On the new deadline, May 3, Killmer filed request for a settlement conference. In the unopposed request, the lawyer stated the tentative settlement still had certain unsettled issues. Days later, Magistrate Judge Kelly Rankin set the conference for June.
Days before the conference, Rankin approved another request for an extension to filing deadlines. Lawyers never filed the paperwork and online filings show no record indicating the conference took place. In August, Skavdahl ordered the case continue and said he would rule on defendant requests for summary judgment dating to December.
About a week after Skavdahl’s order, lawyers for the lieutenant and the college filed documents to those requests. In the late 2018 filings, the college, the agency and Trebby had asked the judge to find that lawyers didn’t dispute any relevant facts of the case and that the protesters’ legal analysis was faulty.
The attorney general’s office in its August filing cited a U.S. Supreme Court case decided earlier this year and argued that a claim of retaliation for speech protected by the First Amendment — which Trebby and the state lawyer’s office disputed — could not even be considered because Trebby could reasonably believe he had probable cause to arrest them on suspicion of interference, despite a judge’s later dismissal of a criminal trespassing case for lack of probable cause.
The college’s lawyer, for his part, argued Asprey and Glustrom had exaggerated the facts in their complaints and had not shown Tribby arrested them for the content of their speech, which is precluded by the First Amendment. Voigt, however, went on to write that even if the protesters’ characterizations were accurate, the college would not be responsible because Trebby wasn’t an authorized policymaker for the college.
Then, on Aug. 19, Skavdahl issued a ruling dismissing the claims against the district and Trebby.
In his written ruling, the judge wrote that Trebby ordering Asprey and Glustrom not to display a banner was a legitimate part of his job. Trebby testified in state court that concerns about potential traffic obstruction in the parking lot gave authorities reason to restrict speech in the lot by ordering Asprey and Glustrom only display the banner in a designated demonstration area. Trebby could reasonably have found probable cause to arrest them on suspicion of interference, even if that was not the case charged, Skavdahl wrote.
“A prudent, reasonable and cautious police officer in Lt. Trebby’s position would reasonably and objectively believe plaintiffs were committing the crime of misdemeanor interference,” Skavdahl wrote. The judge ruled that qualified immunity, which protects government officials from lawsuits for reasonable actions taken as job duties that do not violate already established rights, as applied in Trebby's case.

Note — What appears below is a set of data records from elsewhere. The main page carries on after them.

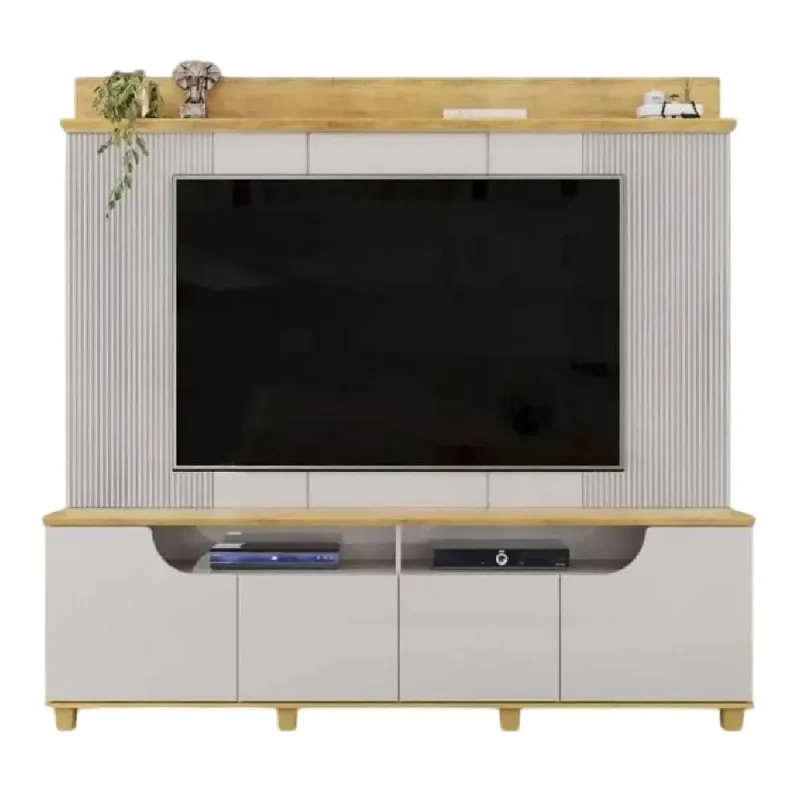 Estante Home para Tv até 75 Polegadas DJ Móveis Gama Bali / Cedro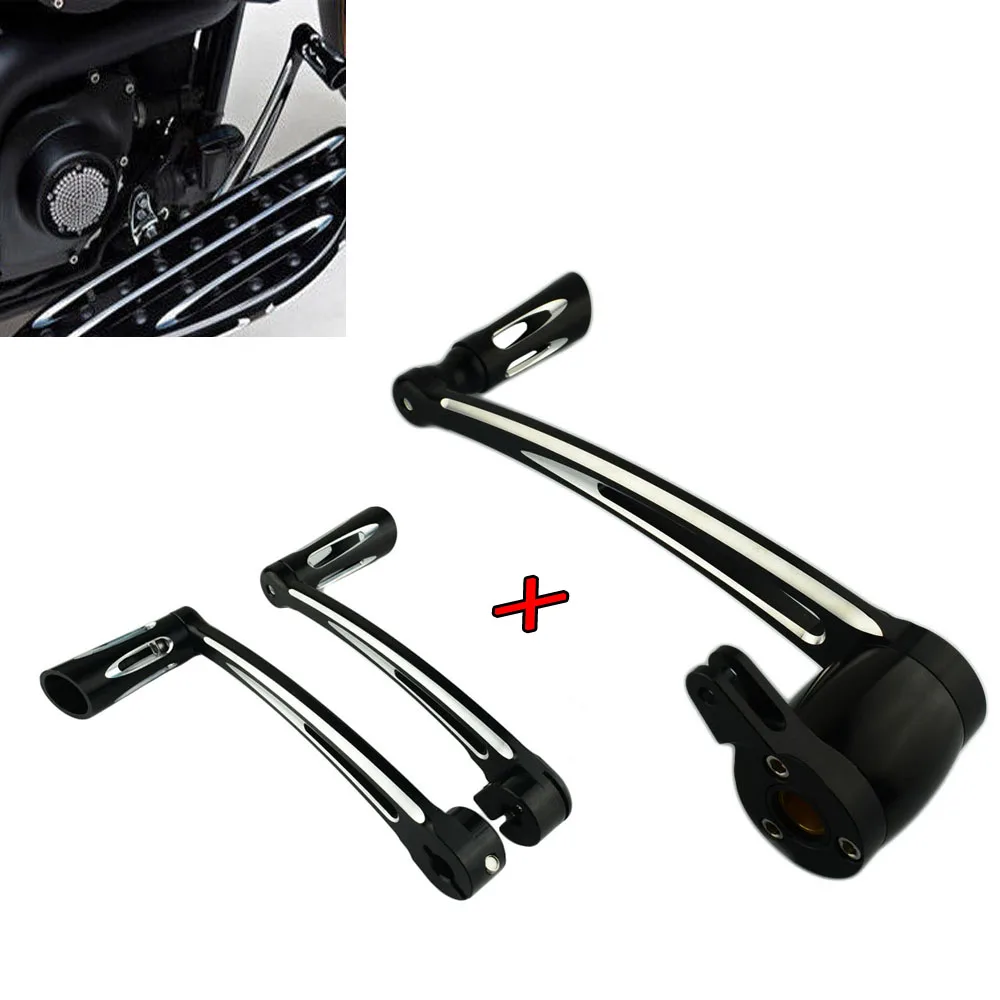 

Pedal Brake Arm Kit Shift Lever W/ Shifter Pegs For Harley-Davidson Touring 2008-2016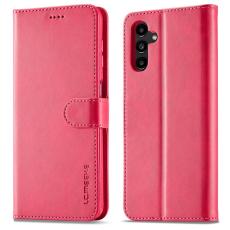 LC.imeeke - LC.IMEEKE Samsung Galaxy A55 5G Fodral PU L&auml;der - Rosa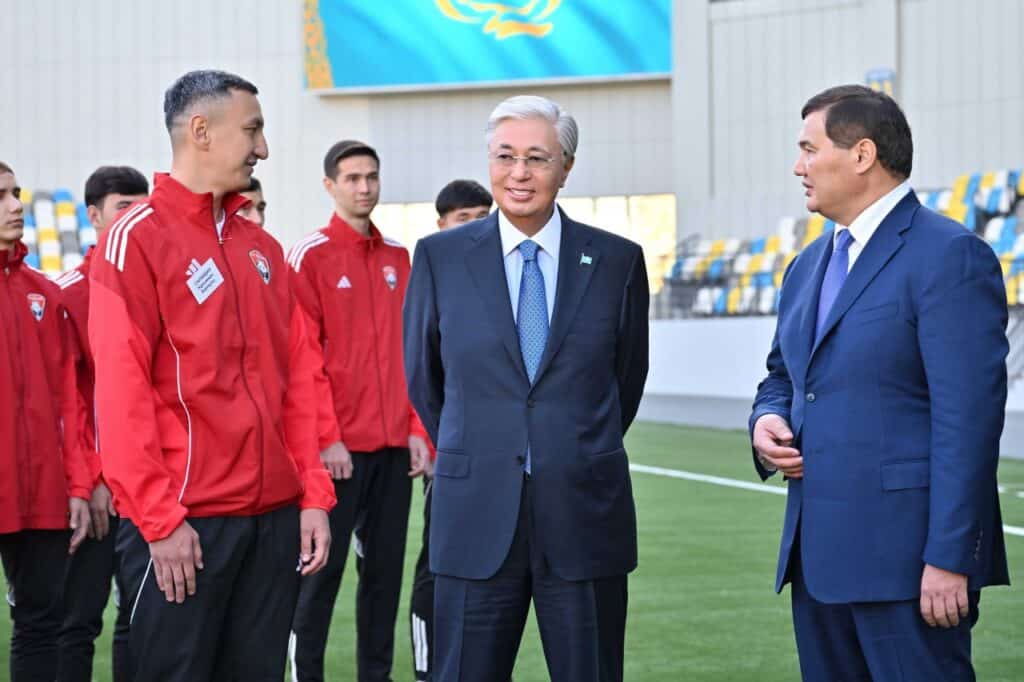 Тоқаев "Қайсар" футбол клубының ойыншыларымен кездесті / Фото: Ақорда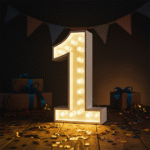 1st Birthday Light Up Numbers - Image 3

Because Skavdahl found Trebby did not violate the protesters’ constitutional rights, the community college and its police department were necessarily not liable for the claims against them. The judge wrote in his decision, however, that even if he had found otherwise, the government would not have been liable because Killmer did not establish a civil rights violation would have been highly predictable or plainly obvious.
By Friday, Killmer had not yet filed a notice of appeal in the case, which drew national press years ago, when Peabody asked the court to strike lyrics from John Prine’s “Paradise” that Killmer had included in legal filings. The 1971 song is critical of Peabody’s mining activities in Kentucky. A magistrate ruled against Peabody on that matter in September 2015. After the case received national attention, a representative for Prine thanked Killmer for defending the song’s lyrics and invited him to a 2016 Prine concert in Colorado, which he attended along with Asprey and Glustrom, according to Killmer’s statements and emails provided by Prine’s management.